1982 book by John Julius Norwich

A History of Venice is a 1982 book by the English popular historian John Julius Norwich (1929–2018) published in the United States by Vintage Books. It is an omnibus edition of two books previously published in Britain:
- Venice: The Rise to Empire, Allen Lane (1977).
- Venice: The Greatness and Fall, Allen Lane (1981).
Norwich had also previously published two volumes on the Normans in southern Italy (1967–70) and subsequently produced a three-volume history of the Byzantine Empire (1988–95). There is a fair amount of overlap between these subjects, with the Normans and Byzantine figures appearing in Venetian history. The Venetians, in turn, were important players in the sacking of Constantinople in the fourth crusade, and carrying off booty which was used to decorate St. Mark's Cathedral.

==Synopsis==
This is a History of Venice, starting with frightened refugees from the barbarian invasions of Italy settling in a marshy lagoon, and continuing through the establishment of republican government and the building of a trading empire encompassing the Dalmatian Coast, Mediterranean Islands and parts of the Po Valley. Then, with the Portuguese establishing a more direct trade route to the originating locations of valued Asian goods, it continues with the reinvention of the city into a publishing, intellectual, and finally a pleasure center. It ends with the Napoleonic invasion, bringing an end to the thousand year old, Serenissima Repubblica (Most Serene Republic).

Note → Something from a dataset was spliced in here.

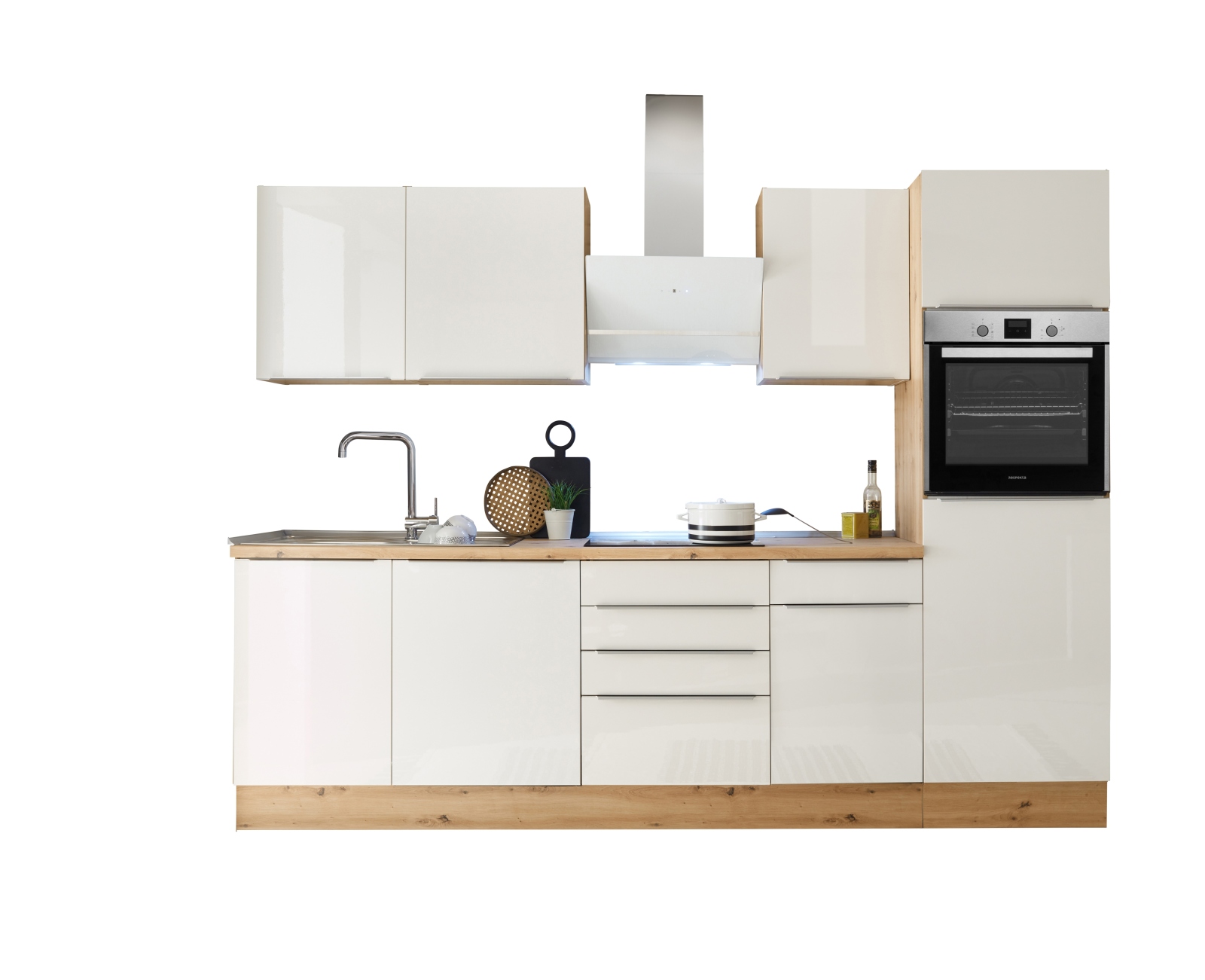 RESPEKTA Küchenblock - weiß Hochglanz-Artisan Eiche Sägerau - mit E-Geräten - 280 cm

Norwich covers the facts, provides emotions and motivations, occasionally discusses the primary sources and provides a great deal of commentary. For example, after noting the establishment of the Arsenal (the shipyard of Venice) and the beginnings of making separate war ships and trading ships, Norwich comments, "[o]ne of the secrets of Venice's rise to power lay in the fact that she never saw the twin necessities of defence and commerce as altogether separate." Further noting that Venetian war captains were "never averse to trading on the side" resulting in military expeditions sometimes paying for themselves. At the same time, trading ships were always ready to fight.

Concerning The fourth Crusade, Norwich remarks, "[p]olitically too, the damage done was incalculable." Further noting that the eventually reformed Greek Empire "was to struggle on for nearly two more centuries" but "never recovered its strength ... ."

Concerning the Rialto Bridge, Norwich notes that a competition had been held for its design, one of the entrants being Michelangelo. Due to the sudden necessity of repairing the Doge's Palace after fire damage, however, none of the entrants was picked and the job eventually was given to Antonio da Ponte. Norwich comments, "[a]s a work of art, we must frankly admit, the bridge lacks distinction ... Its very familiarity blinds us to its faults — the poor proportions, the curious air of topheaviness, the coarseness of the detail." He further states that in the rare moments when it is seen for its mediocracy, that "it is difficult, at such times, not to feel a quick stab of regret for the masterpiece that Venice might have had, if genius had been allowed its way."

==Reception==
The New York Times reviewer Luigi Barzini opined: "Viscount Norwich has written a living book, which will surely last a long time in print – a book full of blood, naval battles, sieges, adventures, conquests, strokes of luck, stupendous defeats, glorious victories, secret plots, counterplots and astute diplomatic negotiations, together with sharp profiles of the protagonists, whether heroes or villains."

Kirkus Reviews wrote, "What you will find ... is chattily readable prose, a dry sense of humor ("Eunuchs, as everybody knows, are dangerous people to cross"), and the author's engagingly qualified admiration for the Venetians—their unflagging self-interest, their state-imposed discipline, their secular, non-intellectual activism, their flexible ability to live more or less under a constitution for centuries."